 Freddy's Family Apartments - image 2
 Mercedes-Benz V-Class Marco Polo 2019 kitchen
········
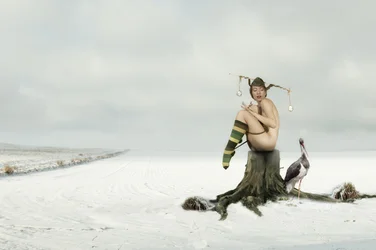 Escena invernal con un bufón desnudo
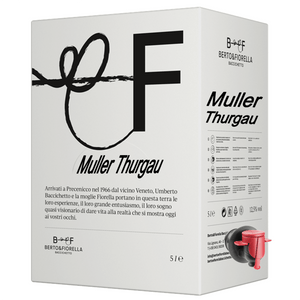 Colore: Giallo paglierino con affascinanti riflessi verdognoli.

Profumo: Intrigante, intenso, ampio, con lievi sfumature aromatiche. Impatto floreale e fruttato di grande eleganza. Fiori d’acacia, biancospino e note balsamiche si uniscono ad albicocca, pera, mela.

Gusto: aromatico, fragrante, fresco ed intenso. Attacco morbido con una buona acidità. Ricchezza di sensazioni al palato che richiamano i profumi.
········
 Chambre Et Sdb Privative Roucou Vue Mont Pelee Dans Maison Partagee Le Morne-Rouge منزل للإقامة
········
EXERCISE OBJECTIVE:
I'd like the lines above repeated exactly, from the one that contains "Colore: Giallo paglierino" through the one that contains "Gusto: aromatico, fragrante, fresco", with no pictures.

THE ANSWER:
 Colore: Giallo paglierino con affascinanti riflessi verdognoli.

Profumo: Intrigante, intenso, ampio, con lievi sfumature aromatiche. Impatto floreale e fruttato di grande eleganza. Fiori d’acacia, biancospino e note balsamiche si uniscono ad albicocca, pera, mela.

Gusto: aromatico, fragrante, fresco ed intenso. Attacco morbido con una buona acidità. Ricchezza di sensazioni al palato che richiamano i profumi.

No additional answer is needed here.